Restate word for word the section of the entries that opens at the line containing "Michiel de Ruyter, commander" and closes at the line containing "Signalétique de caméra de surveillance", both lines kept, pictures dropped.

PROVIDED MATERIAL:
++++

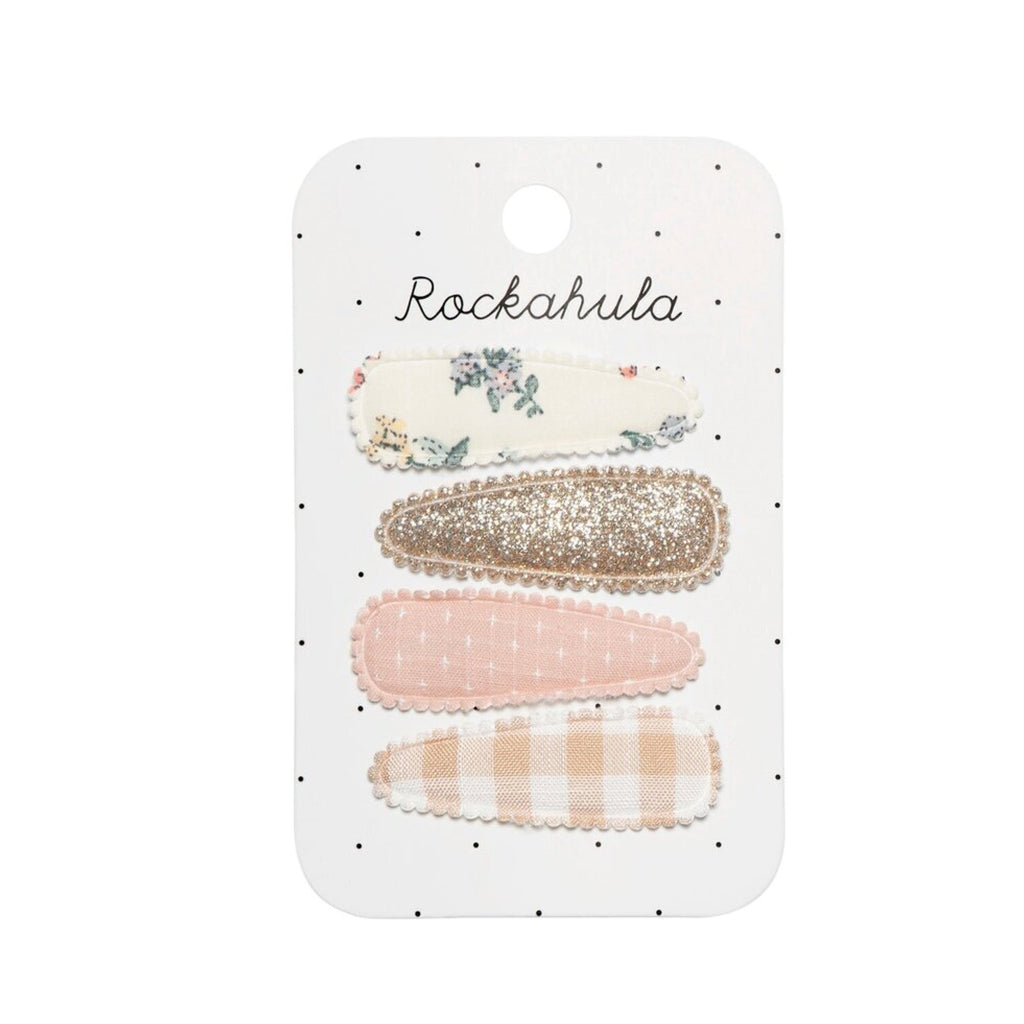 Jo And Co Rockahula Kids Flora Fabric Hair Clips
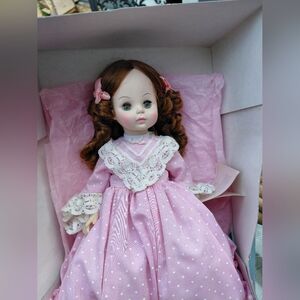 Madame Alexander Doll  Pink Lace Doll with Brown Hair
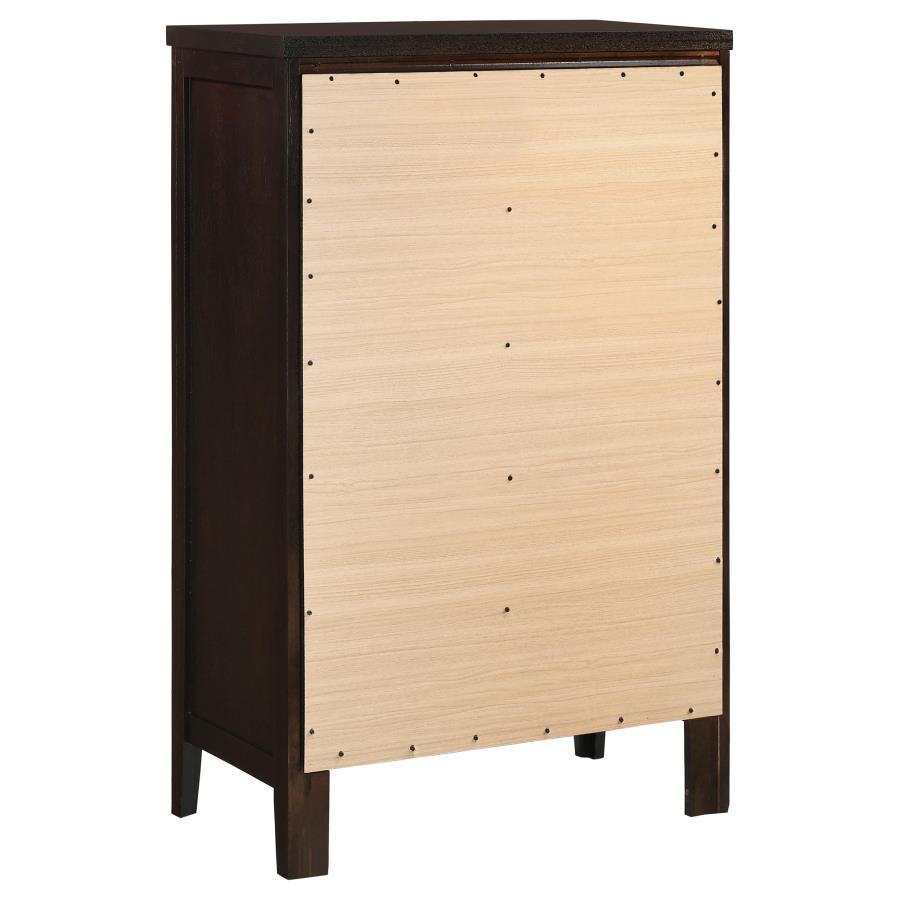 Carlton 5-piece Eastern King Bedroom Set Cappuccino - 202091KE-S5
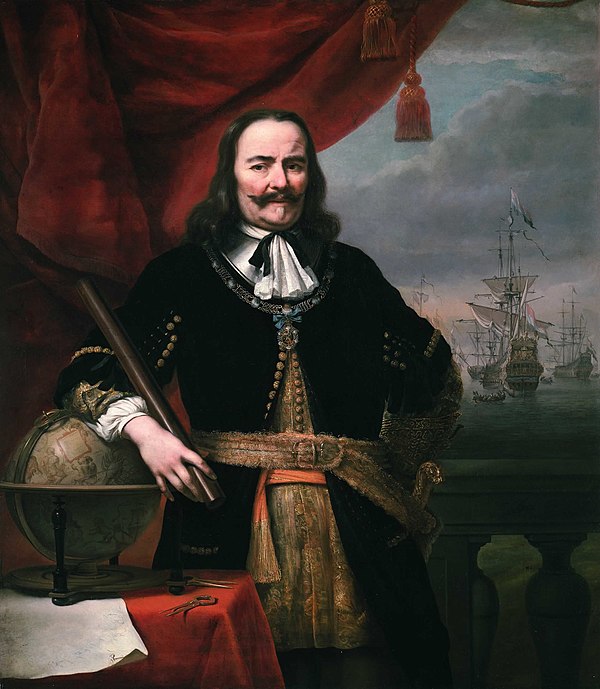 Michiel de Ruyter, commander of the Dutch navy.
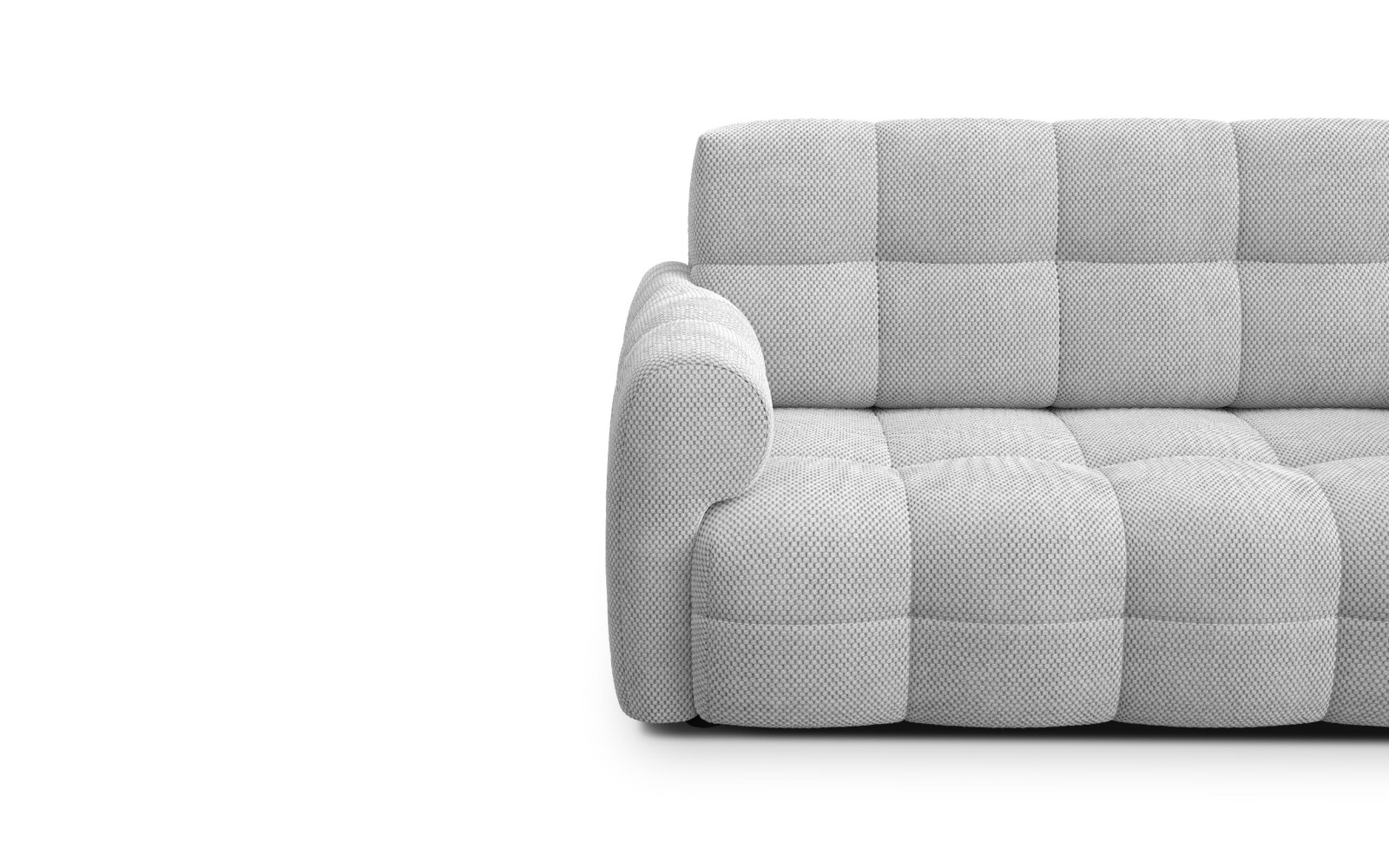 Sofa 2,5-Sitzer MELLOW, hellgrau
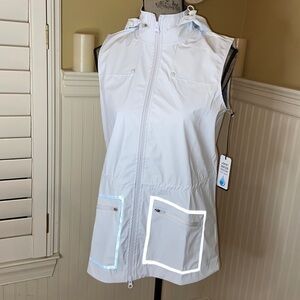 Jofit white moraine vest nwt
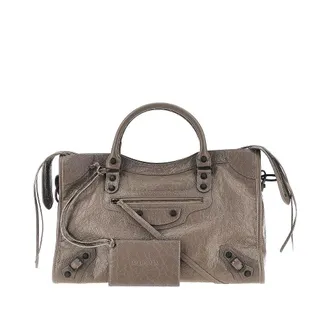 Balenciaga Arena leather medium Le City bag Woman One Size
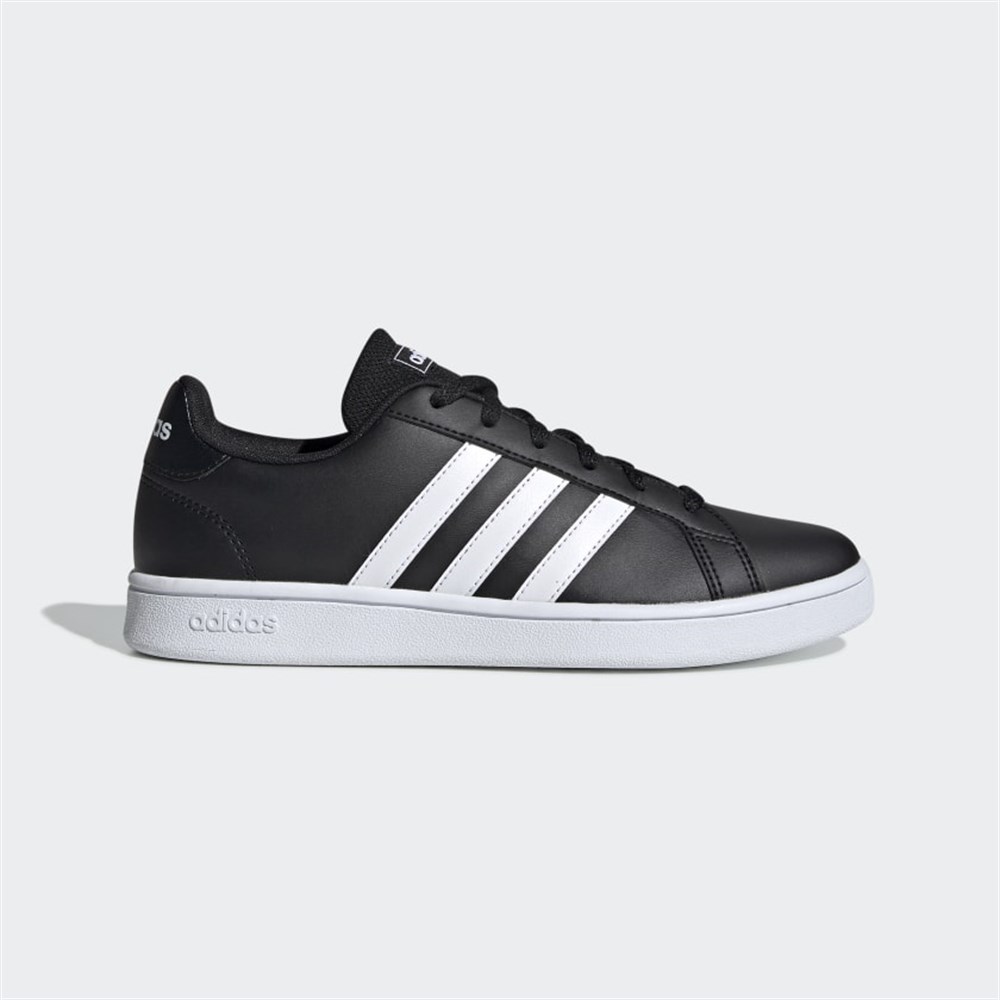 Adidas Grand Court Base Kadın Siyah Günlük Ayakkabı - EE7482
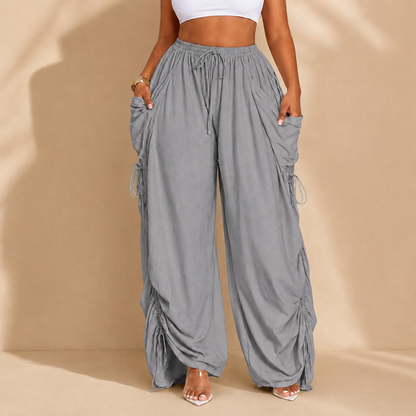 Zaletti™ Wide Leg Drawstring Pants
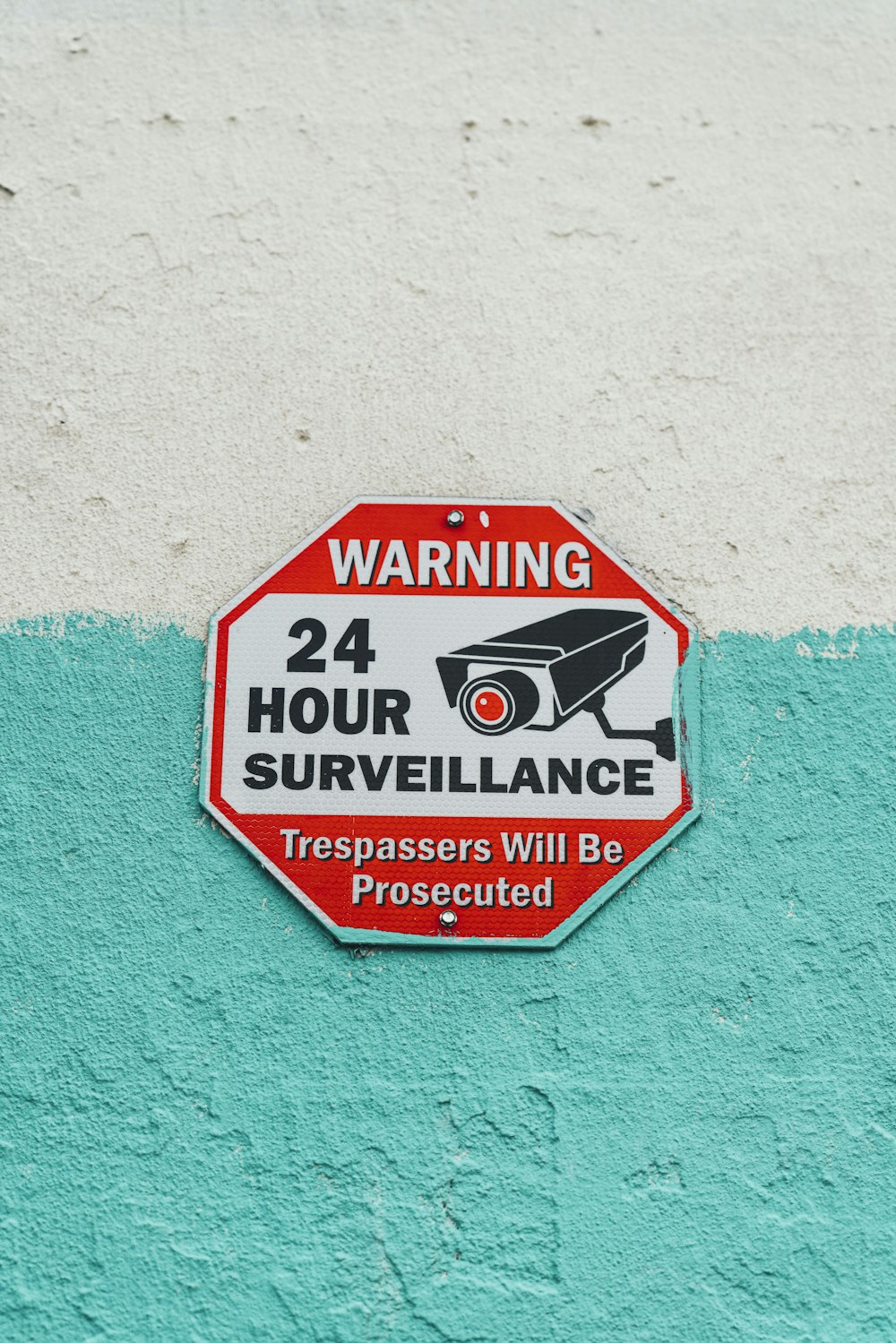 Signalétique de caméra de surveillance
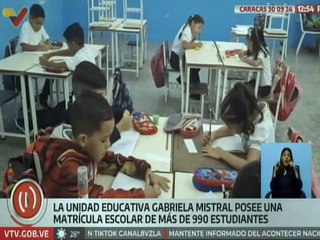 Caracas | Más de 990 estudiantes de la U.E. Gabriela Mistral retornaron a clases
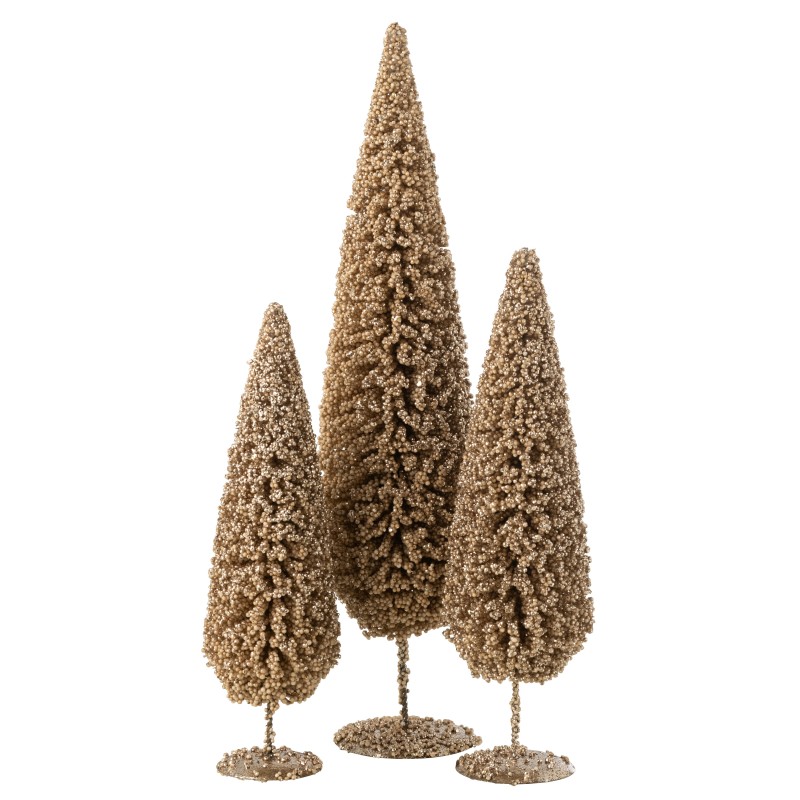 Sapin de Noël en plastique champagne 14x14x54 cm Sapin de Noël en plastique champagne 14x14x54 cm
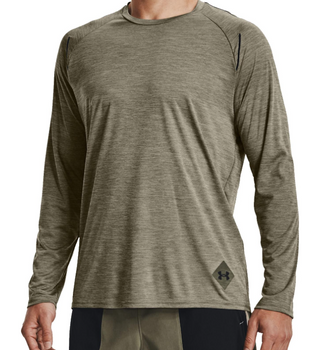 Under Armour Bluzka Męska z długim rekawem Terrain Longsleeve zielona XL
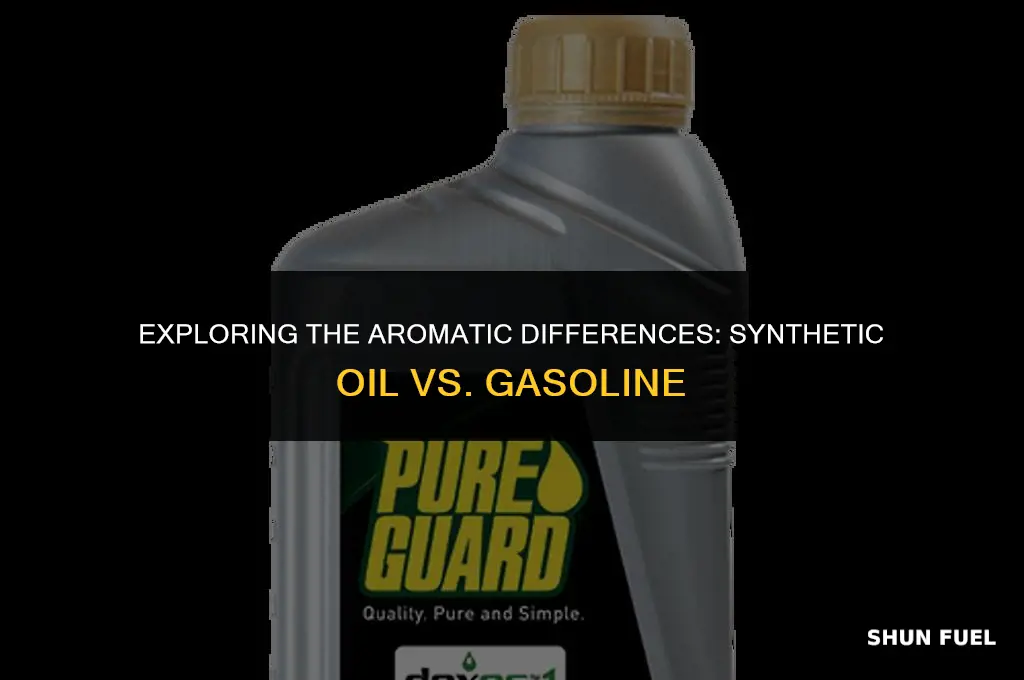 does synthetic oil smell like gasoline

++++

RESPONSE TO THIS TASK:
 Michiel de Ruyter, commander of the Dutch navy.
 Sofa 2,5-Sitzer MELLOW, hellgrau
 Jofit white moraine vest nwt
 Balenciaga Arena leather medium Le City bag Woman One Size
 Adidas Grand Court Base Kadın Siyah Günlük Ayakkabı - EE7482
 Zaletti™ Wide Leg Drawstring Pants
 Signalétique de caméra de surveillance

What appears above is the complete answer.